The committee will be co-chaired by Fishers City Councilor John Weingardt and Amanda Welu, a partner with Fishers-based DELV Design. The city says the committee is comprised of Fishers residents with expertise in art, entrepreneurship, community, wellness, education and business. It also includes advisory stakeholder members from Noblesville and Indianapolis.
"Bringing together a cross-section of community members and stakeholders to provide insight and expertise to the entire planning process will ensure the Nickel Plate Trail will positively impact Fishers through unique experiences found nowhere else in the metro," Welu said. "We look forward to guiding the community through this process and bringing our collective vision to life."
The city adds the public will have plenty of opportunities to give their input in the planning process both through email submissions and public meetings, which are likely to take place this fall. The committee will provide updates on the planning process through the Nickel Plate Trail website.
The Nickel Plate Trail Master Planning Committee members include:
- John Weingardt, Fishers City Councilman (Co-Chair)
- Amanda Welu, DELV Design (Co-Chair)
- David Becker, First Internet Bank
- Erik Braden, Braden Business Systems
- Shawn Curran, Fishers Running Club
- Debbie Driskell, Delaware Township Trustee
- Dan Kloc, Fishers Arts Council
- Lori Mankin, New Britton Elementary
- Ailithir McGill, Nickel Plate Arts
- Jake Reardon-McSoley, Fishers YMCA
- Brenda Myers, Visit Hamilton County
- Corby Thompson, Boomerang Development
- John Wechsler, Launch Fishers / Indiana IoT Lab – Fishers
- Scott Whitlock, Flexware Innovation
Advisory committee members include:
- Caleb Gutshall, City of Noblesville
- Karen Kryah, Binford Redevelopment Group (BRAG)

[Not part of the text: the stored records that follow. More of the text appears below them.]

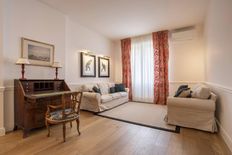 Appartamento di lusso di 127 m² in affitto Firenze, Toscana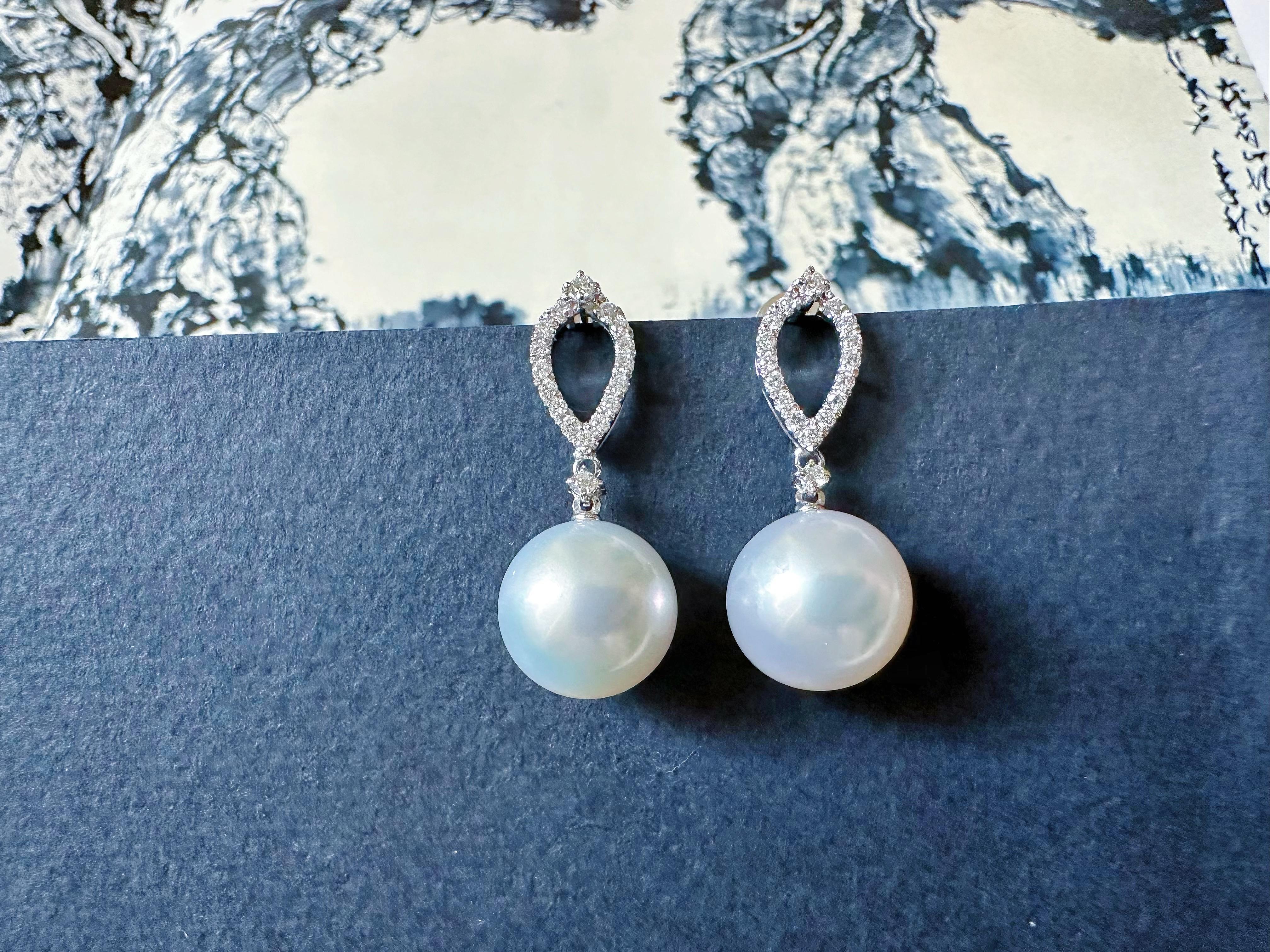 Femenino o masculino Natural South Sea Pearl Drop Earrings in 18K White Gold with Diamond en venta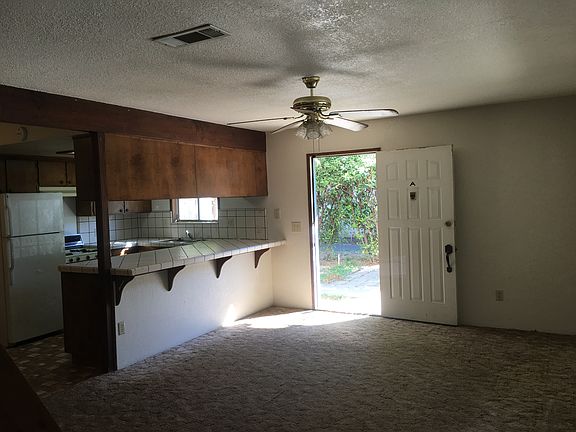 2nd image of 484 Wiltsey Ave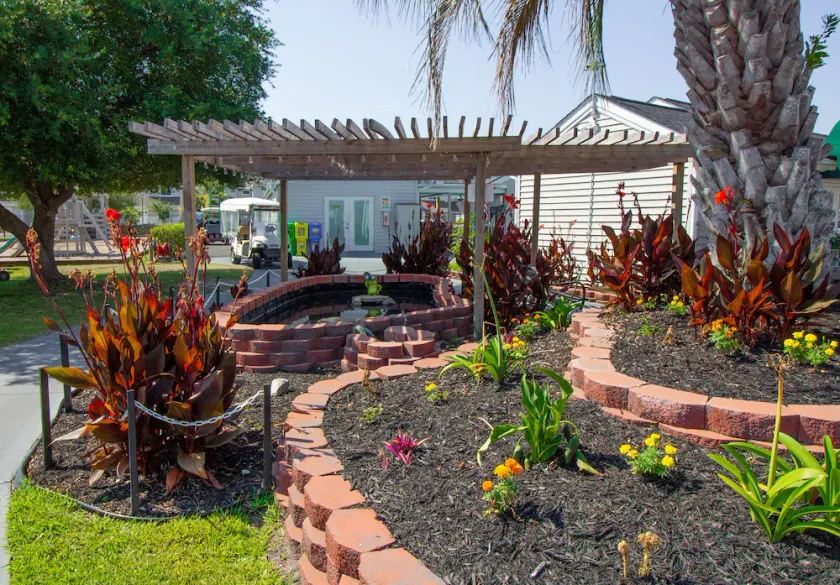 Deercreek Townhomes - Image 1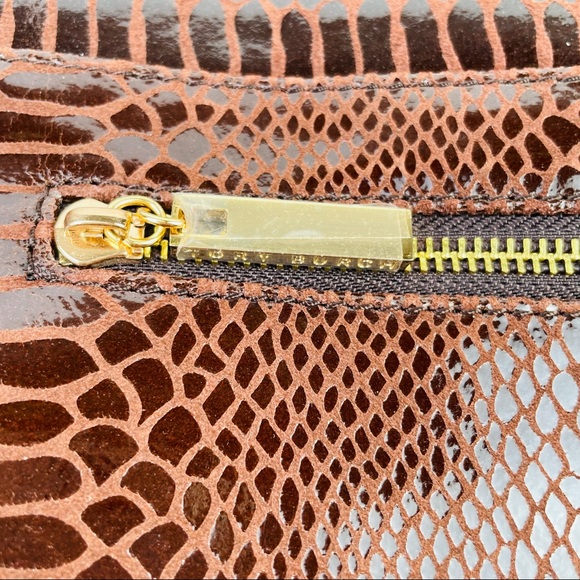 Authentic Tory Burch Maroon Snake Skin Fold Over Shoulder Bag Clutch Purse - Picture 6 of 12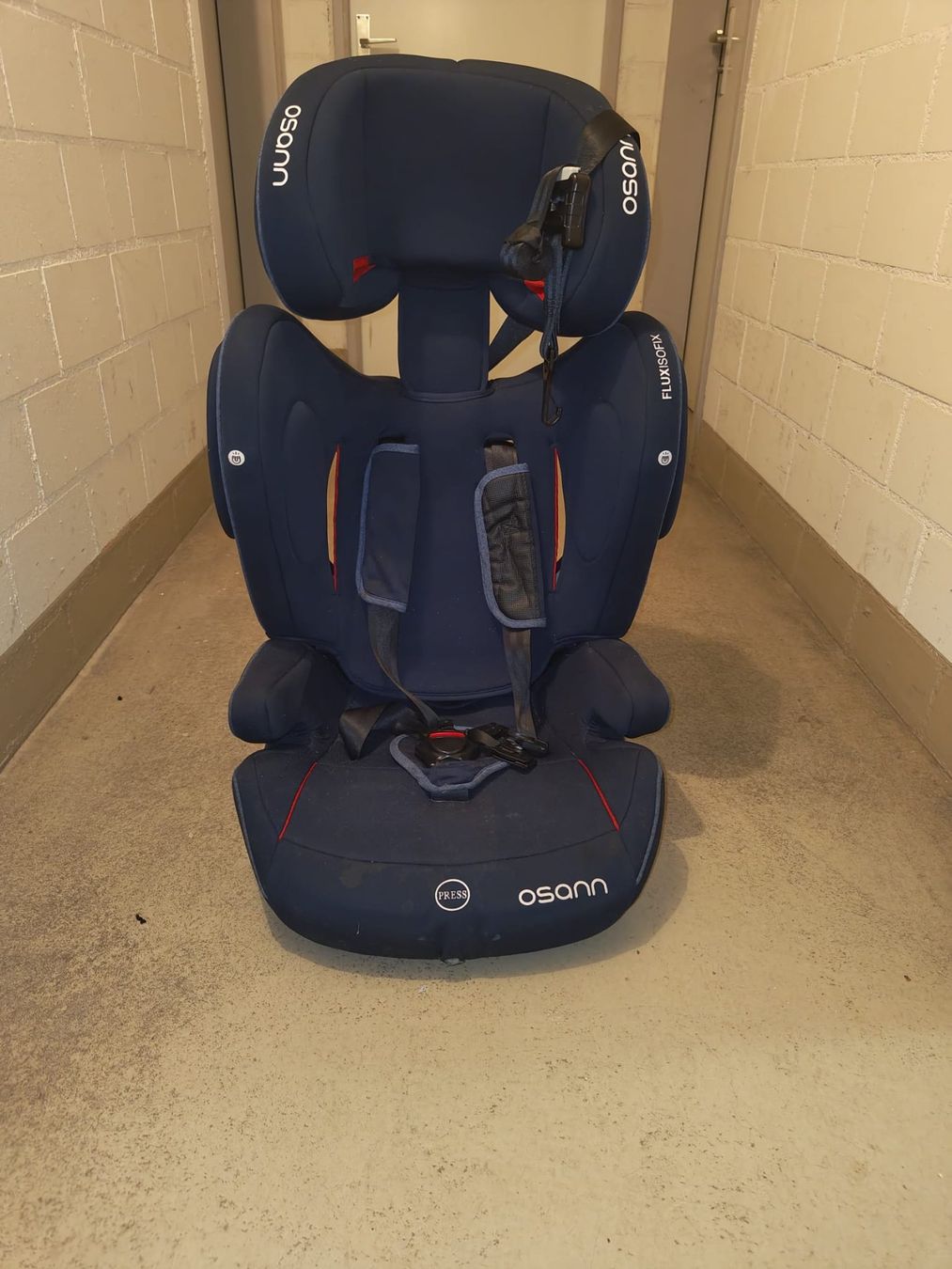 Osann Seggiolini per auto: Osann Flux Isofix 9-36 kg. – Usato da Nussbaumen AG venduto da pabitra05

- Lindsey Lord, Indy Arts Council
- Jennifer Milliken, Urban Land Institute
- Mark Zwoyer, City of Indianapolis
When the 9.2-mile trail connecting 96th Street in downtown Fishers to Pleasant Street in downtown Noblesville was announced, officials said the project could cost approximately $9.3 million. The 14-foot wide pedestrian and bike path will replace parts of the existing Nickel Plate Rail line.